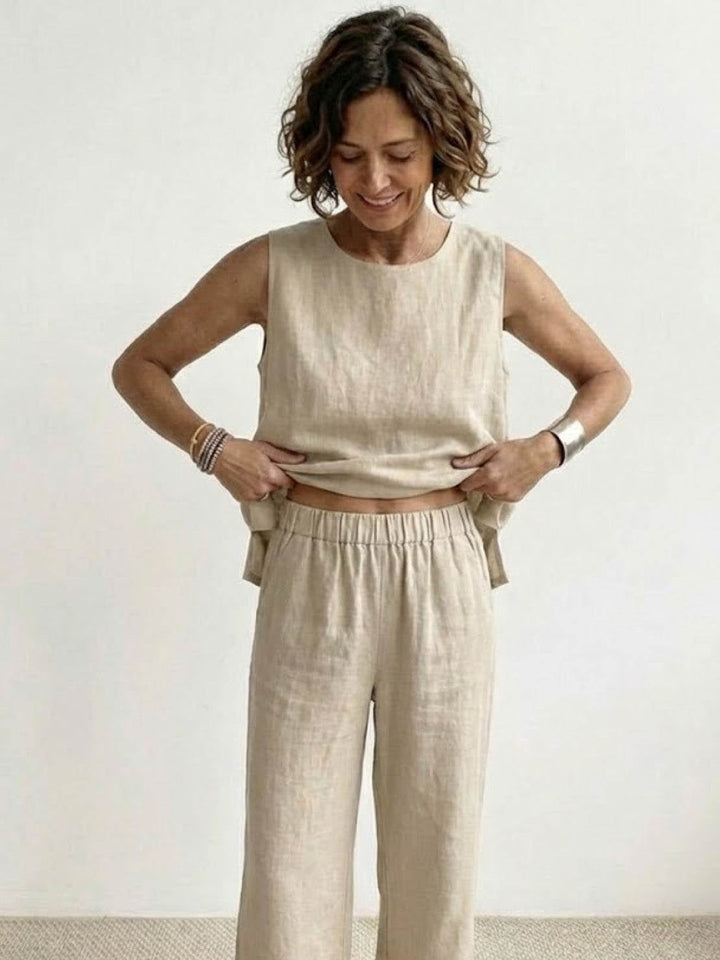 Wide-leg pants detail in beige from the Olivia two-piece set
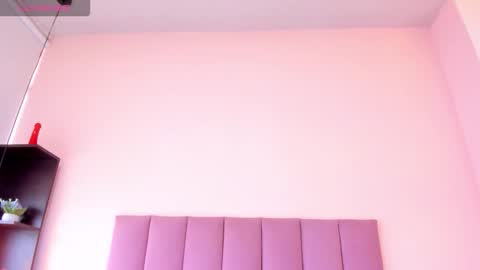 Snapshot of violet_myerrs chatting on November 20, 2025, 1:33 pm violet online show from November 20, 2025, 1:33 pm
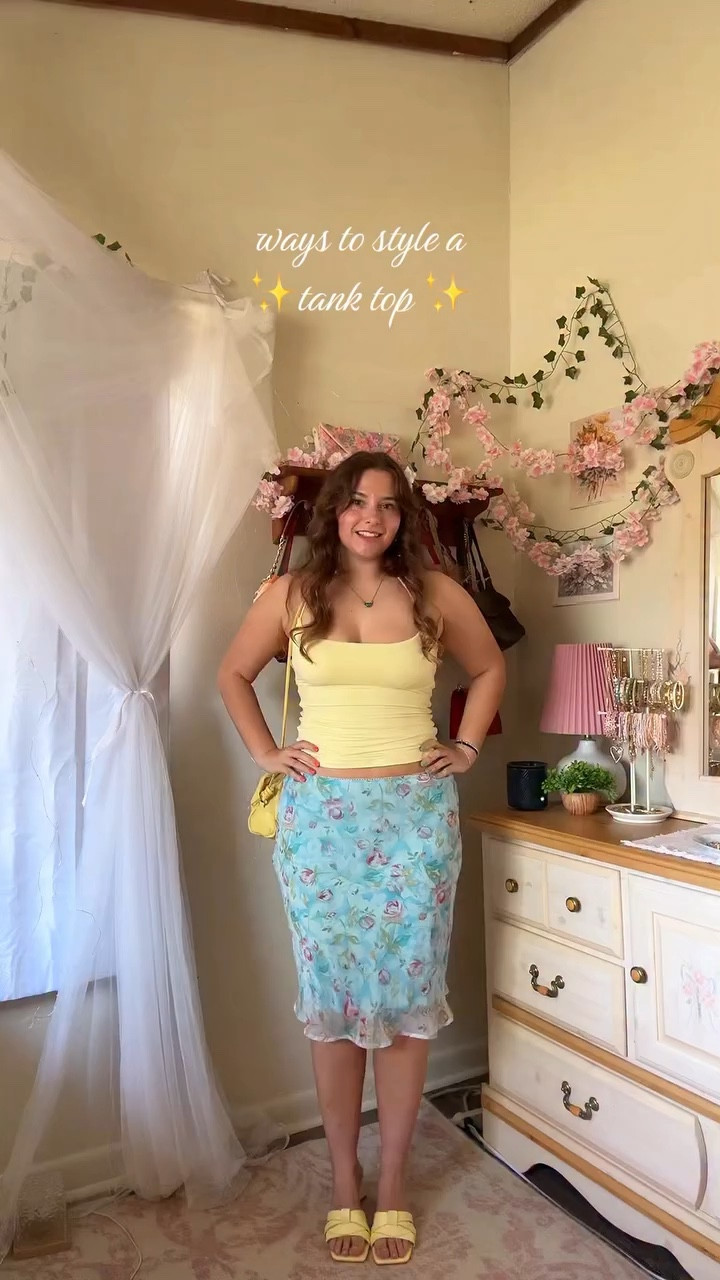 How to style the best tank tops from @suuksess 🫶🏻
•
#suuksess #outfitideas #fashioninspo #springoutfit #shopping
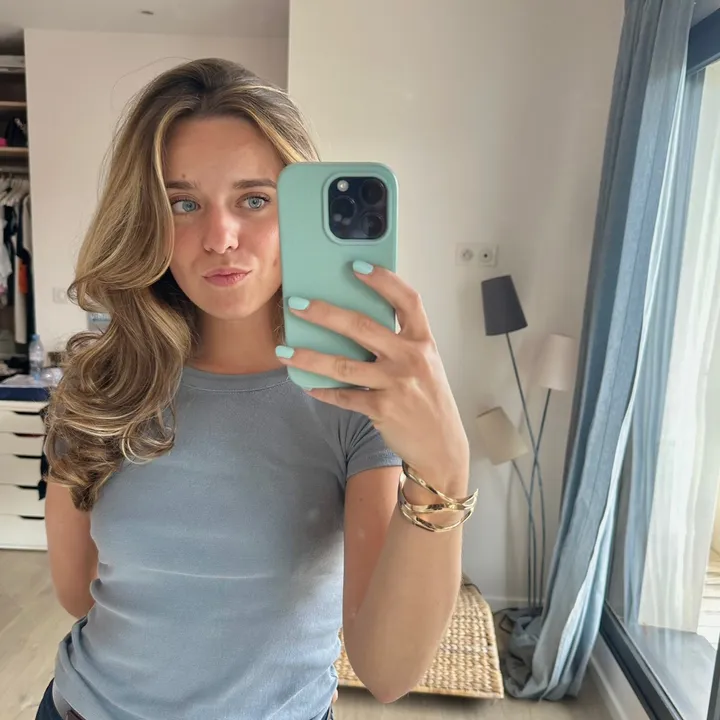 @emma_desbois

|---|

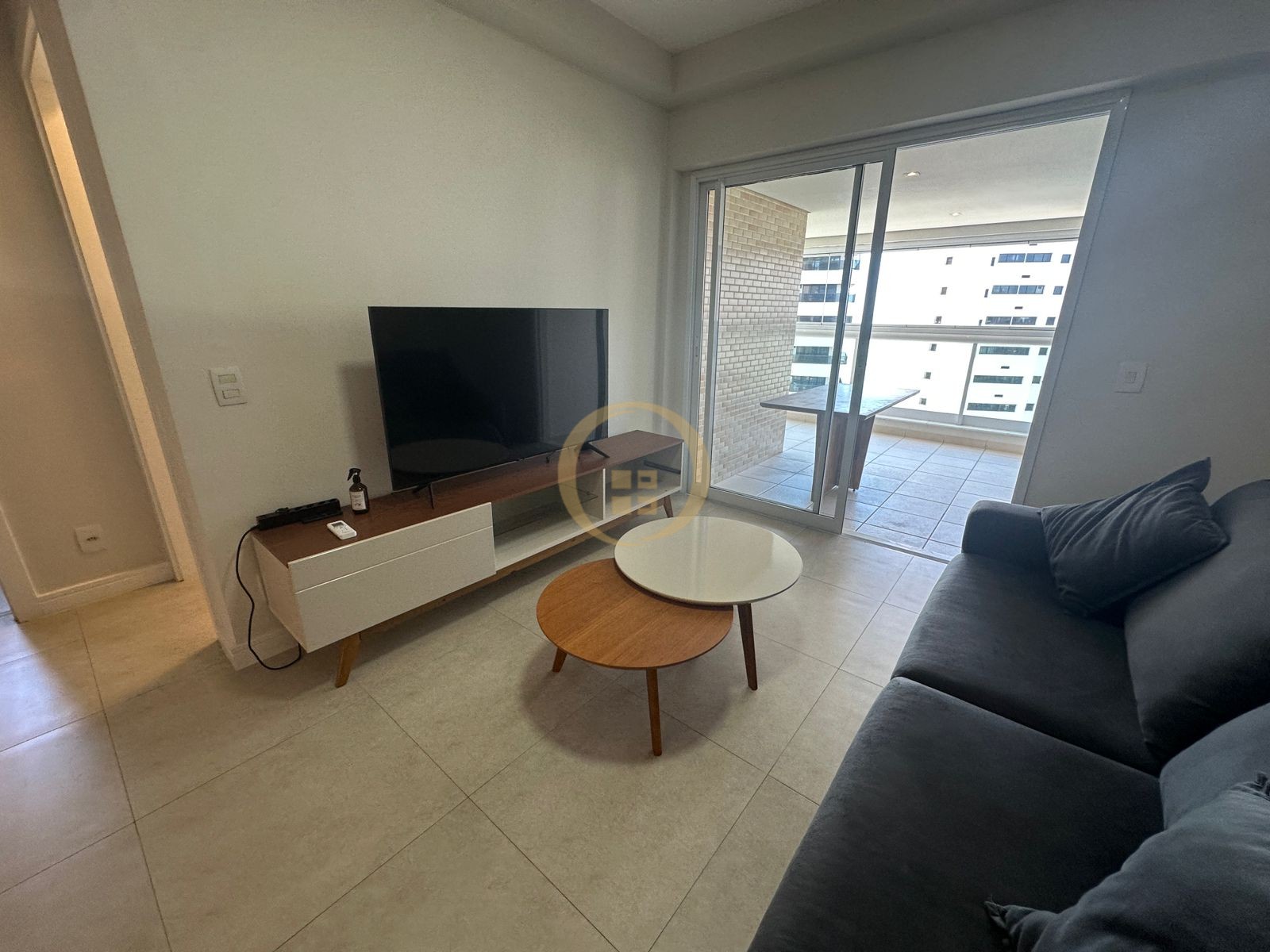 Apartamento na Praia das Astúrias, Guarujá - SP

|---|

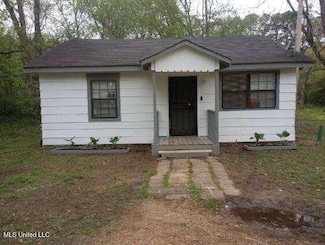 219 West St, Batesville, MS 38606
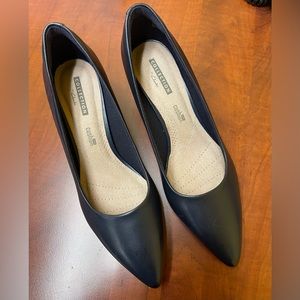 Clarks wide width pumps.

|---|

Exercise requirements | Exactly as written above, retype the lines starting at the one holding "219 West St, Batesville, MS 38606" and ending at the one holding "Clarks wide width pumps.", both included, but not the pictures.

Task solution |
 219 West St, Batesville, MS 38606
 Clarks wide width pumps.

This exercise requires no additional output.